## What you need to do
An acceptable answer repeats exactly the line containing "Used 2018 Cadillac" and all lines that follow it in the listing below, and it includes no pictures.

====== Recorded information

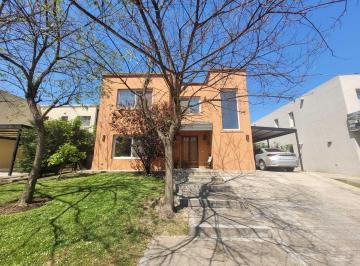 Casa · 210m² · 4 Ambientes · 2 Cocheras · Casa en Alquiler en Tipas, Nordelta, Tigre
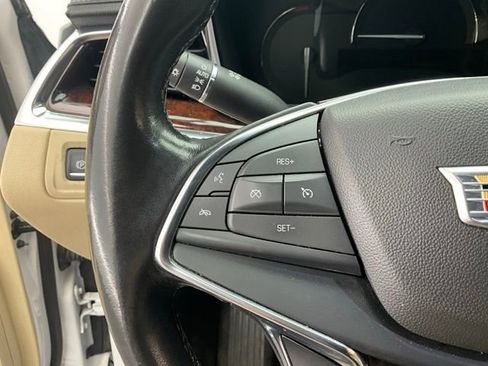 Used 2018 Cadillac XT5 Luxury w/ Driver Awareness Package image 16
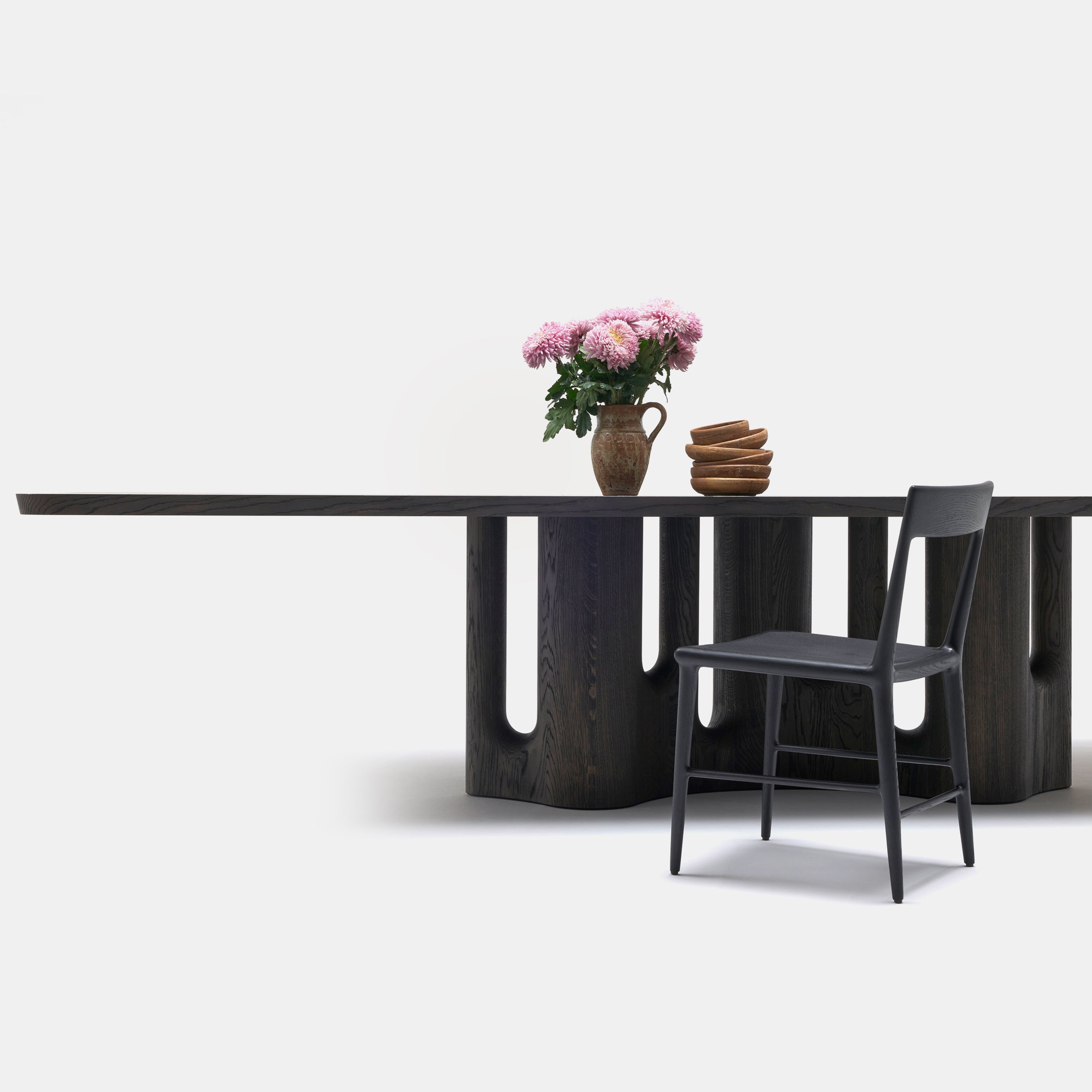 NIN Dining Table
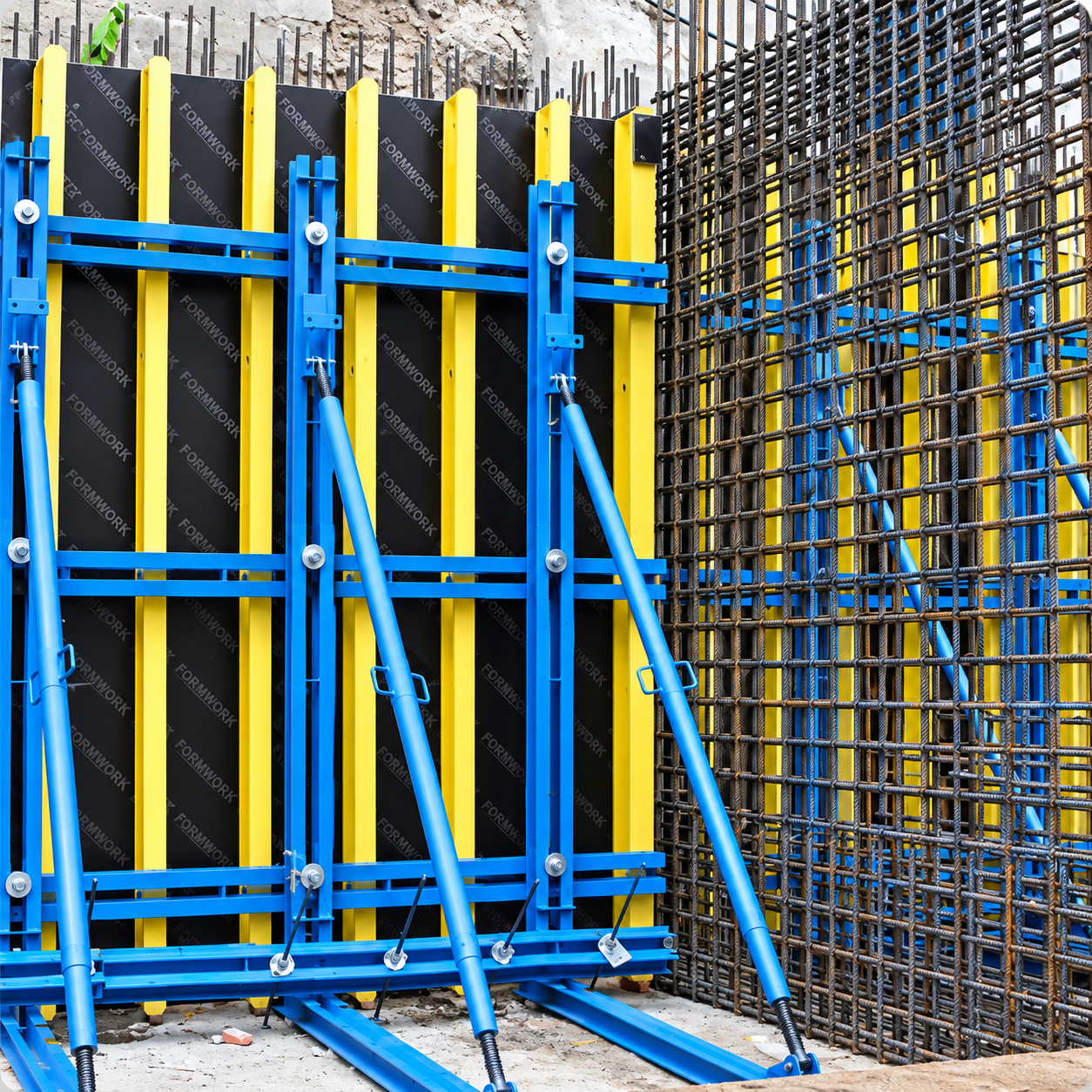 External dummy building image for timber beam and wailer soldier formwork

============

## Answer space
 Used 2018 Cadillac XT5 Luxury w/ Driver Awareness Package image 16
 NIN Dining Table
 External dummy building image for timber beam and wailer soldier formwork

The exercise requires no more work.